いま争われているある事件の弁護人・被告人の主張を入手した。
不正アクセス禁止法3条2項2号は「特定電子計算機」にアクセスすることを問題としており、それだけ読むとあたかも物理的に1台のコンピュータについてアクセス制御機能の有無を判断することを前提としているように解されるが、アクセス制御機能の定義からは、アクセス制御とは「特定利用」ごとに存在するものと解釈するべきである。
これから、アクセス制御がないという立論。
極めて穏当・上品だ。
しかし、これでは面白くない。
まず、石井説(文理解釈)を唱えて、
http://d.hatena.ne.jp/okumuraosaka/20040728#p4
http://d.hatena.ne.jp/okumuraosaka/20040714#p4
これに対する判断をさせる。
学者の見解としてはこれしかない。
石井説が採用されれば無罪。
採用しないときは、ここで理由説明が示されるが、学説もないから孤立無援の創造作業となる。
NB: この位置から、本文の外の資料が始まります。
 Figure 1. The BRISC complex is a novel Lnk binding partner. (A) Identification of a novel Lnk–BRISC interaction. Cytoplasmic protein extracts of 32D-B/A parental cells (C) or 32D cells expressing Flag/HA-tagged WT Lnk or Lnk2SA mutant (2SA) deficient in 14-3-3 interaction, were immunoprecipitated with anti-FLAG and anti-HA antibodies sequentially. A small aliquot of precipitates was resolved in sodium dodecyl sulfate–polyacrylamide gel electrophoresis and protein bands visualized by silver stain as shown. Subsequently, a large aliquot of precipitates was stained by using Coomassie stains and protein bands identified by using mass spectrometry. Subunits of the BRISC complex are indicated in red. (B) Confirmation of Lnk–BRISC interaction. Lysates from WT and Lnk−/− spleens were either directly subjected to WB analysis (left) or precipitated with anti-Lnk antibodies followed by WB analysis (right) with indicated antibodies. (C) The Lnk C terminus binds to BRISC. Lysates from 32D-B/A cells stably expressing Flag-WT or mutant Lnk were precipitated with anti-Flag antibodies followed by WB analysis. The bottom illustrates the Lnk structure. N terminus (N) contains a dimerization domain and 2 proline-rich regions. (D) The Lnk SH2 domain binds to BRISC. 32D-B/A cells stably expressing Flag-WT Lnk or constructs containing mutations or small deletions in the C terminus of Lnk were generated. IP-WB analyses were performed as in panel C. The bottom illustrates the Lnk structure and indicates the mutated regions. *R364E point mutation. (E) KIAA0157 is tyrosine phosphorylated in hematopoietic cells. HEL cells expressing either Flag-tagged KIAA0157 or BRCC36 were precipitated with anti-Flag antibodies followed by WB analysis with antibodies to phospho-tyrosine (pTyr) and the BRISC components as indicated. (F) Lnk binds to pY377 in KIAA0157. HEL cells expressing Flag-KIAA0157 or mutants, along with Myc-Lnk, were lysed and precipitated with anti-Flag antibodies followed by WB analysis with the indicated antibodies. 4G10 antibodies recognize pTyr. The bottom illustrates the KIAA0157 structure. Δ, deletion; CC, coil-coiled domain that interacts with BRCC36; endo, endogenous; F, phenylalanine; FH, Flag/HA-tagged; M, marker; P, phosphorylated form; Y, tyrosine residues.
「独自の見解」だ。
石井説に対する評価は今後の解釈にとっても欠かせない。
次に、これを唱える。
不正アクセス禁止法3条2項2号は「特定電子計算機」にアクセスすることを問題としており、それだけ読むとあたかも物理的に1台のコンピュータについてアクセス制御機能の有無を判断することを前提としているように解されるが、アクセス制御機能の定義からは、アクセス制御とは「特定利用」ごとに存在するものと解釈するべきである。
はっきりこういう主張をしている法律学者はいないが、文理解釈よりは合理的という印象を受けるよね。
そんな感想です。
この点、夏井先生は「違う!」って言っておられるようです。
いや、奥村弁護士説じゃないし・・・。